Work instruction: When you reach the line containing "Como participar das rifas no 777rifa" in the records below, start copying exactly, and stop once you have copied the line containing "FAIRY TAIL - Szara - Skarbonka PVC 18cm".

Supplied data:

········

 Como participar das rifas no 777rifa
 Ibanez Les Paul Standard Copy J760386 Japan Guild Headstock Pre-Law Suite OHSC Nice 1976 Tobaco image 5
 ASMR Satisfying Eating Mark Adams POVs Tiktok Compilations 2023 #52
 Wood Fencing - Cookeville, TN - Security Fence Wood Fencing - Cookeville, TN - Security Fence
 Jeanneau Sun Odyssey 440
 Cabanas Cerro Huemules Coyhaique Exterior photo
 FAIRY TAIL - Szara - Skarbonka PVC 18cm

········

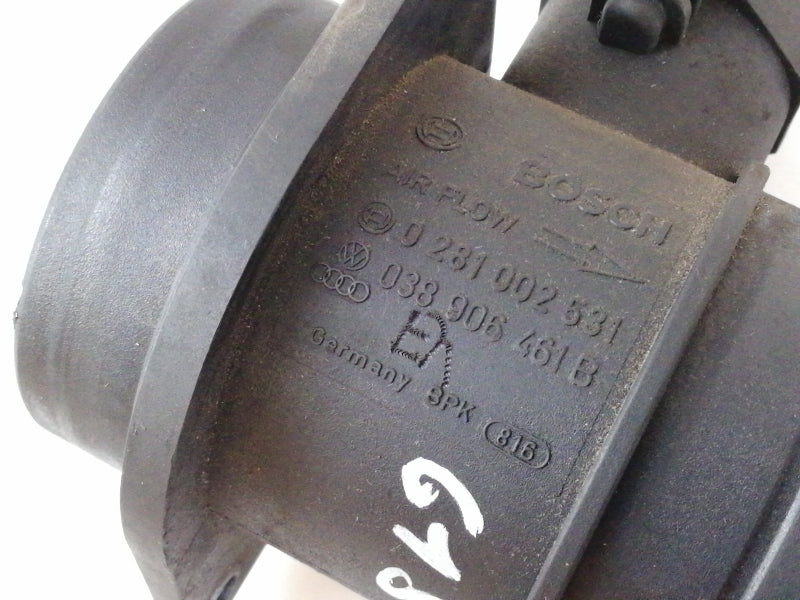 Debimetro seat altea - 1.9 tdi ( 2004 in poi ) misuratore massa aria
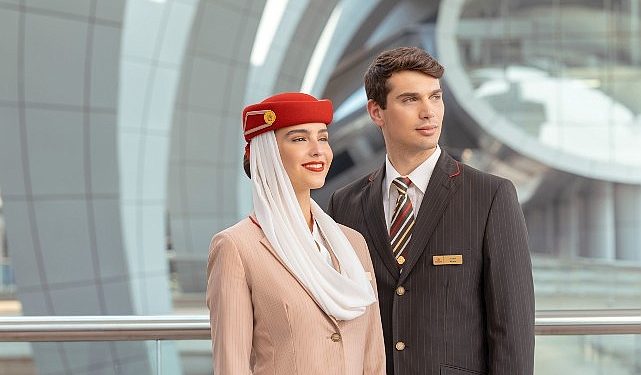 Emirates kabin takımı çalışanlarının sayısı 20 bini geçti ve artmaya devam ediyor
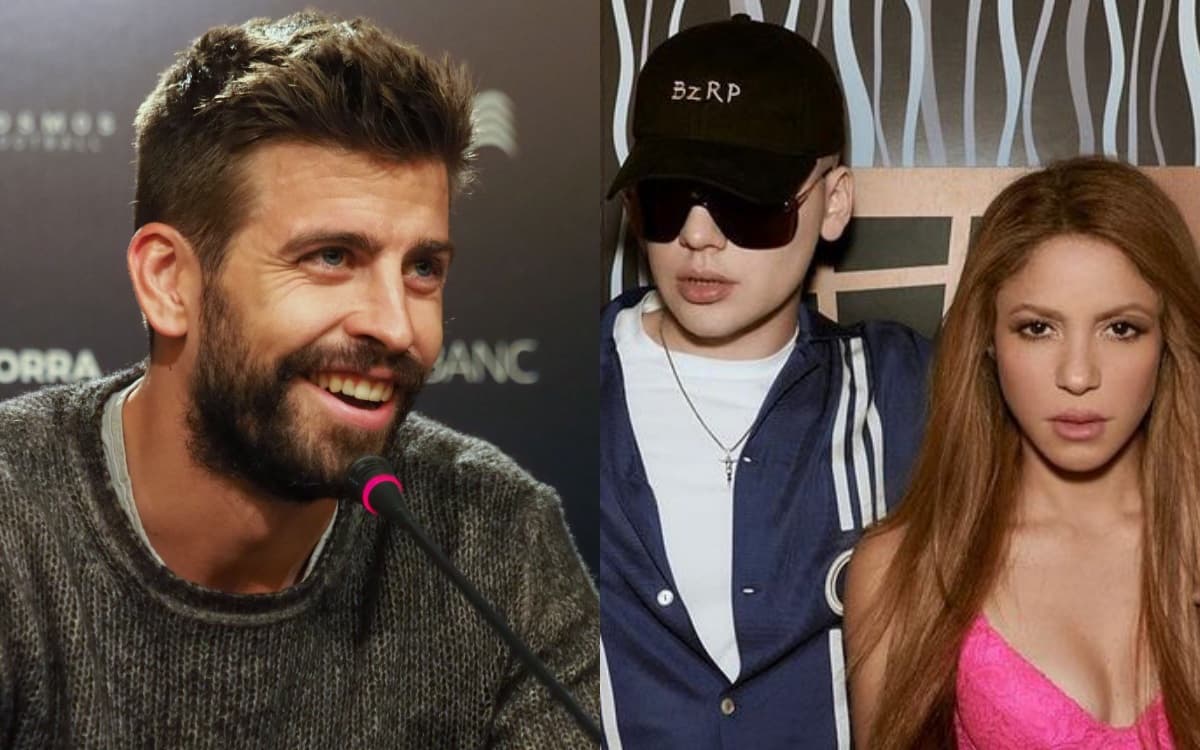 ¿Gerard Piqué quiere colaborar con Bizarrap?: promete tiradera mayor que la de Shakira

········

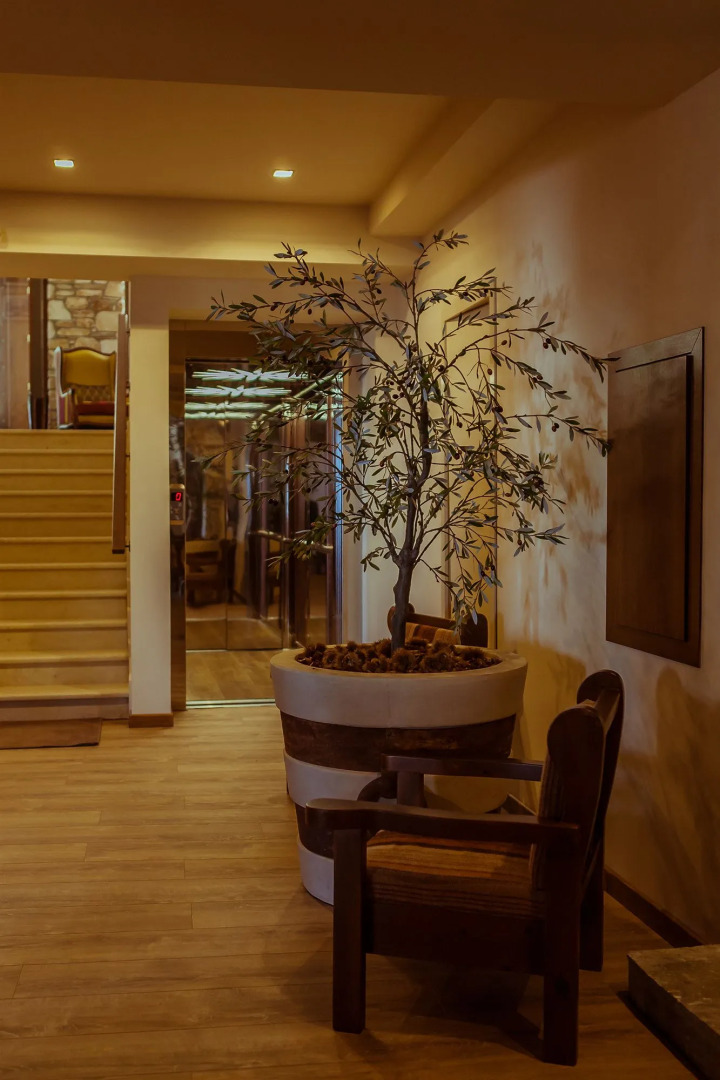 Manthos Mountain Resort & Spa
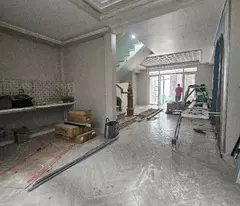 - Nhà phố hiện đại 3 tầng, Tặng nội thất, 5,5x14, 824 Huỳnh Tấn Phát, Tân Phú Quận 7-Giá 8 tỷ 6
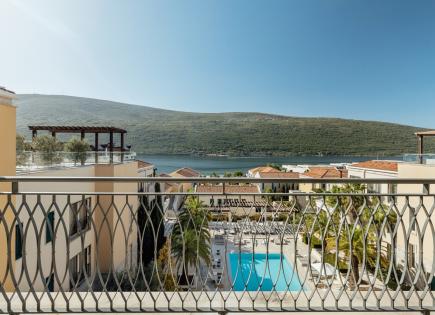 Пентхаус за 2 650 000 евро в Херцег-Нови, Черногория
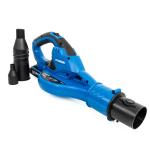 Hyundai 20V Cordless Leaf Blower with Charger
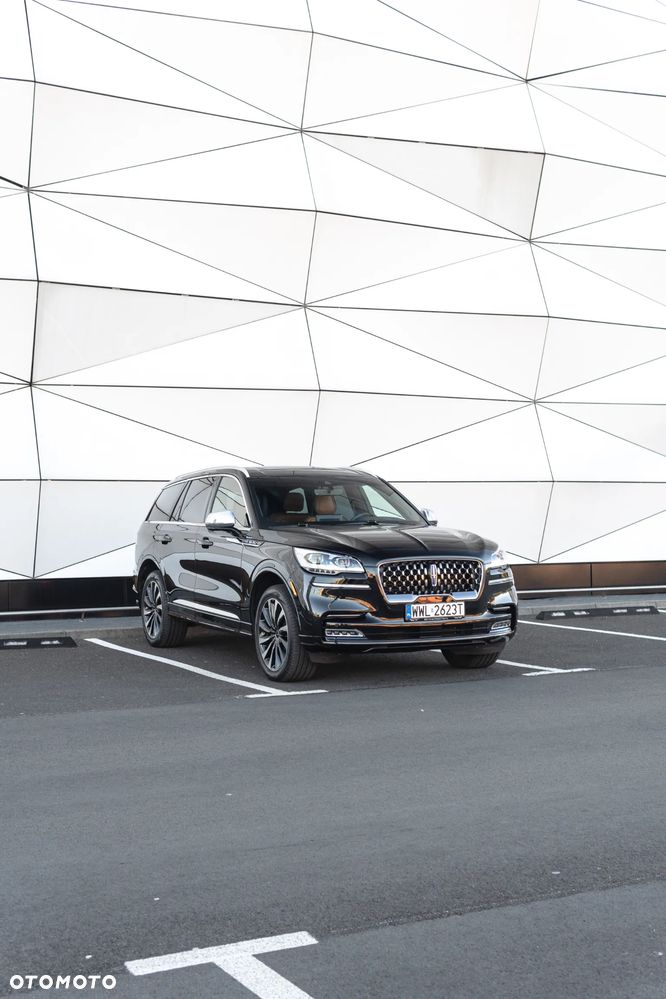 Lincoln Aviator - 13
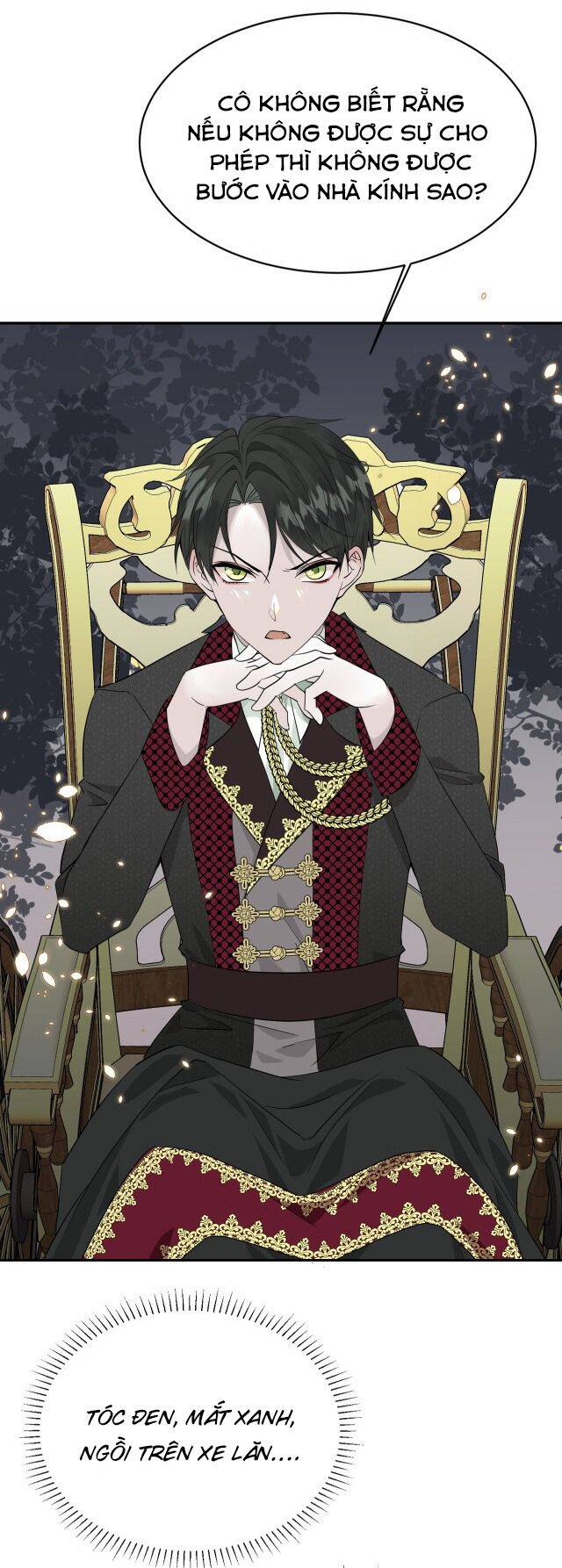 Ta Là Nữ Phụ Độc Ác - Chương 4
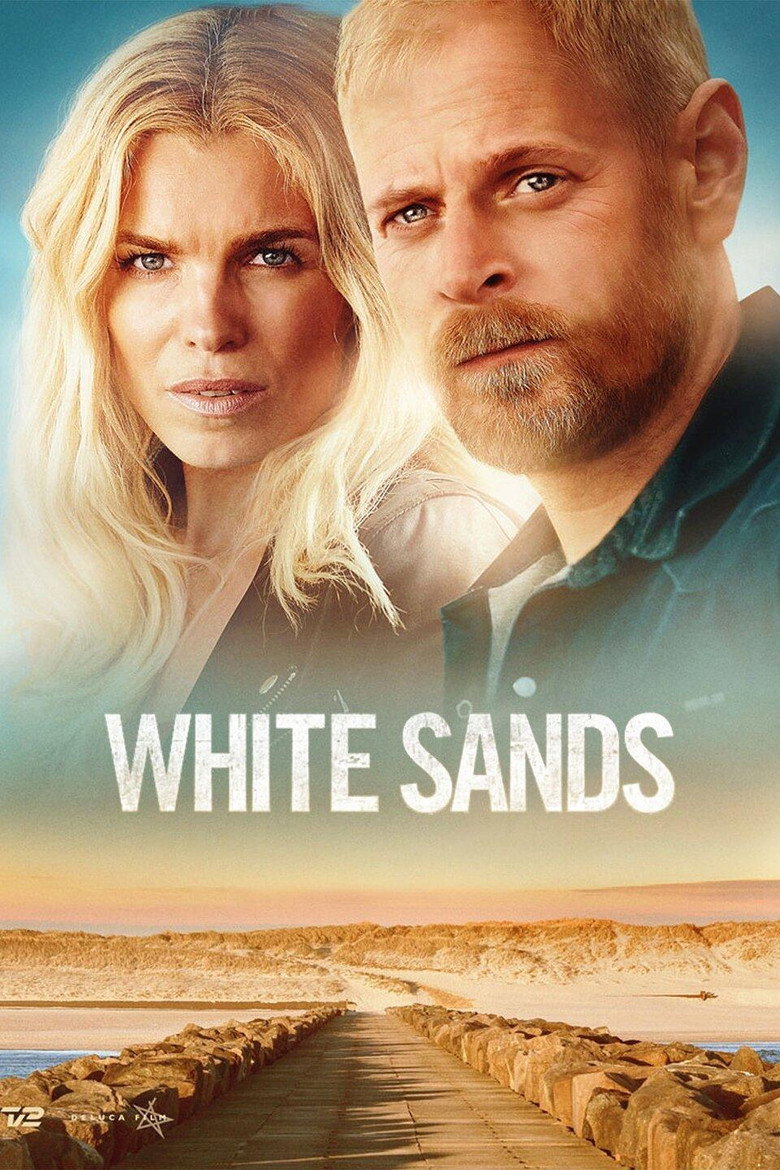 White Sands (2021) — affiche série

········

Finished exercise:
 Como participar das rifas no 777rifa
 Ibanez Les Paul Standard Copy J760386 Japan Guild Headstock Pre-Law Suite OHSC Nice 1976 Tobaco image 5
 ASMR Satisfying Eating Mark Adams POVs Tiktok Compilations 2023 #52
 Wood Fencing - Cookeville, TN - Security Fence Wood Fencing - Cookeville, TN - Security Fence
 Jeanneau Sun Odyssey 440
 Cabanas Cerro Huemules Coyhaique Exterior photo
 FAIRY TAIL - Szara - Skarbonka PVC 18cm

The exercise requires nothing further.